* Activity
The entries shown here must be retyped in full, with no pictures included.

* Provided records
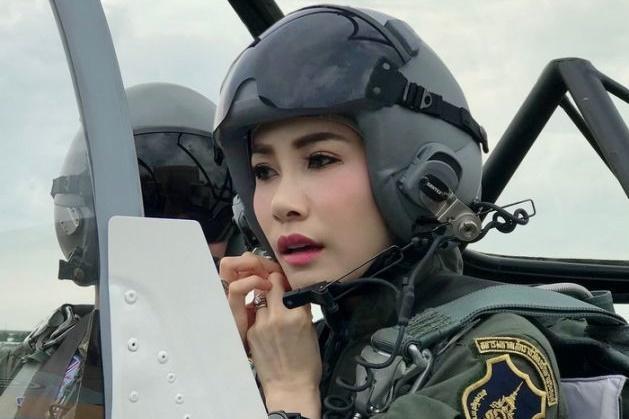 34歲的詩妮娜當王妃86天後，遭泰王撤銷所有頭銜。（泰國王室宮務處提供）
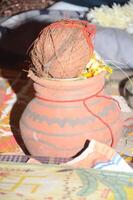 A pot with a string and a ball of yarn photo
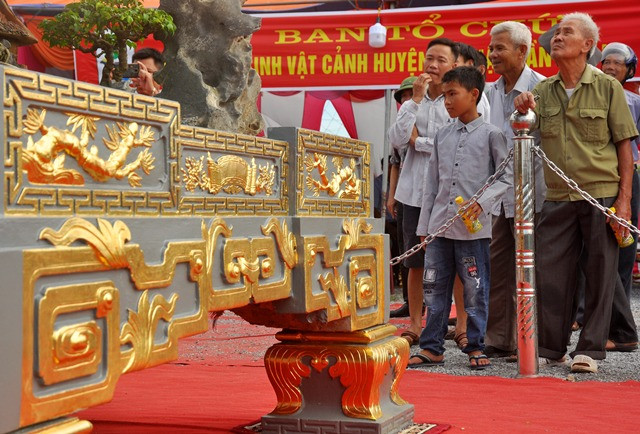 Đây cũng là điểm nhấn khiến siêu cây sanh này càng trở nên thu hút người tham quan hơn.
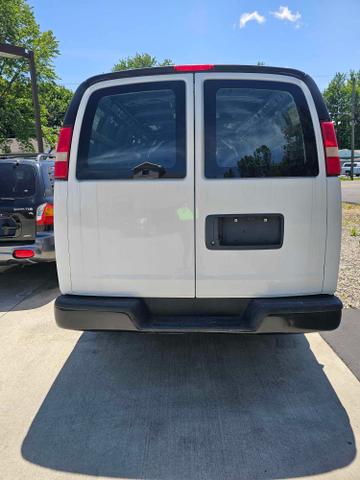 2011 gmc savana 3500 diesel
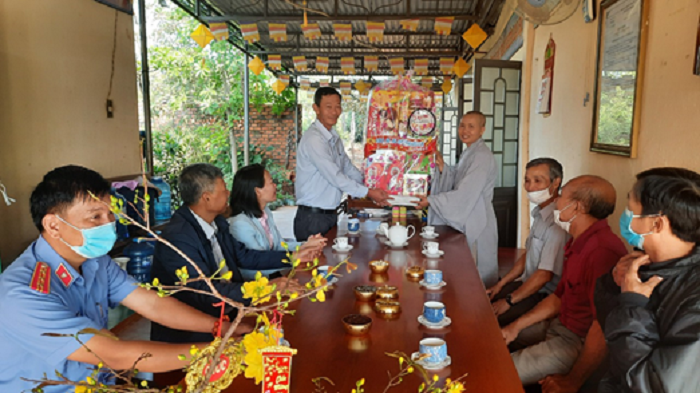 Đoàn công tác của huyện Ea H’Leo thăm, tặng quà các cơ sở tôn giáo ở xã Cư Mốt và xã Ea H’Leo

* Result of the task
 34歲的詩妮娜當王妃86天後，遭泰王撤銷所有頭銜。（泰國王室宮務處提供）
 A pot with a string and a ball of yarn photo
 Đây cũng là điểm nhấn khiến siêu cây sanh này càng trở nên thu hút người tham quan hơn.
 2011 gmc savana 3500 diesel
 Đoàn công tác của huyện Ea H’Leo thăm, tặng quà các cơ sở tôn giáo ở xã Cư Mốt và xã Ea H’Leo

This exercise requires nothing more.